=== Begin Enclosure ===

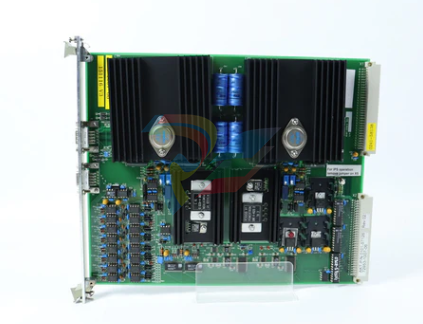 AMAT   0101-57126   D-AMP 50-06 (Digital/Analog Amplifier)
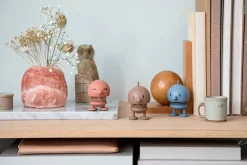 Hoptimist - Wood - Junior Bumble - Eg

=== End Enclosure ===
=== Begin Enclosure ===

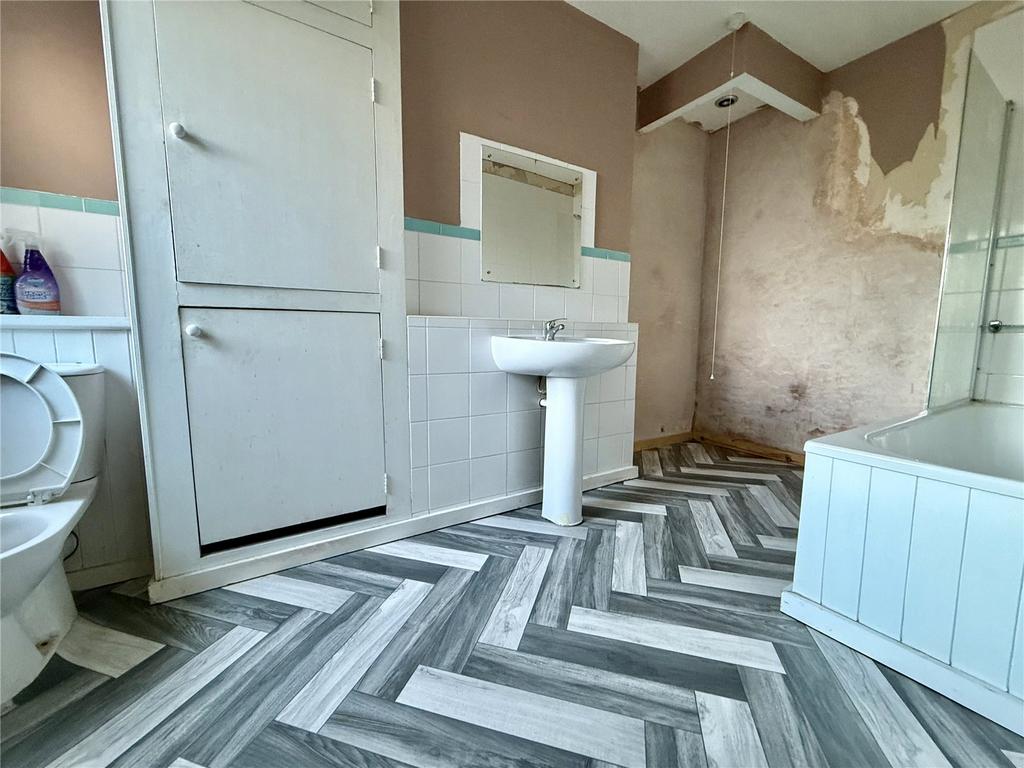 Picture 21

=== End Enclosure ===

### PROBLEM TO SOLVE
Take the material above and output only the lines from the one that contains "50-06 (Digital/Analog Amplifier)" through the one that contains "Hoptimist - Wood - Junior Bumble - Eg", ends included and images left out.

### RESULT OF THIS TASK
 AMAT   0101-57126   D-AMP 50-06 (Digital/Analog Amplifier)
 Hoptimist - Wood - Junior Bumble - Eg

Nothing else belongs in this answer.